Segment Open

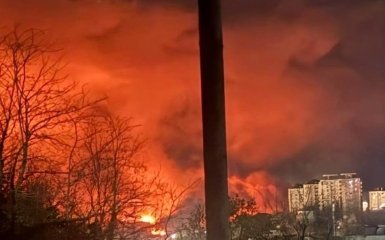 Туапсе: нафтопереробний завод у вогні внаслідок удару БПЛА — відеоматеріал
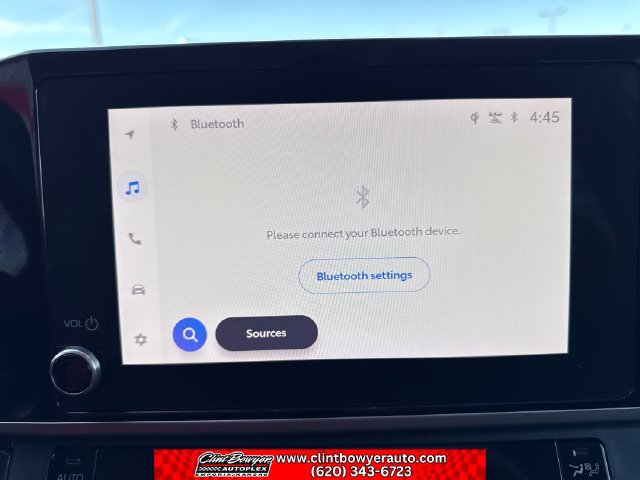 Used 2025 Toyota Camry LE FWD image 20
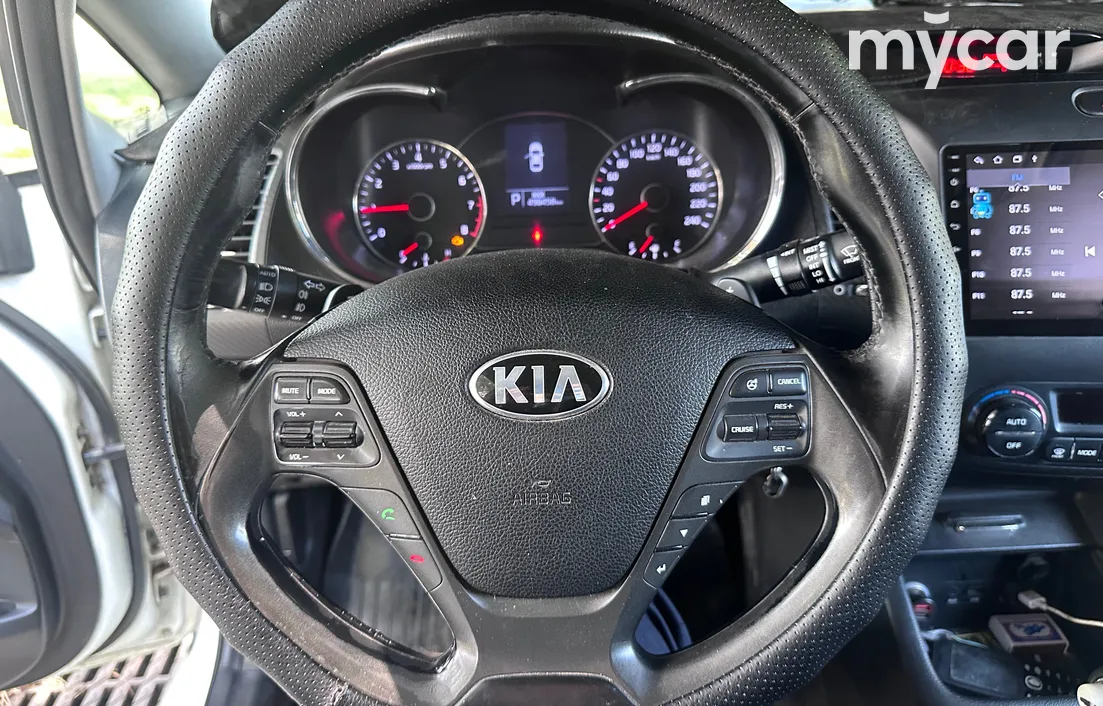 Kia Cerato 2013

Segment Closed

Assigned task: The reply should contain every line of the material exactly, and no images.

Written answer:
 Туапсе: нафтопереробний завод у вогні внаслідок удару БПЛА — відеоматеріал
 Used 2025 Toyota Camry LE FWD image 20
 Kia Cerato 2013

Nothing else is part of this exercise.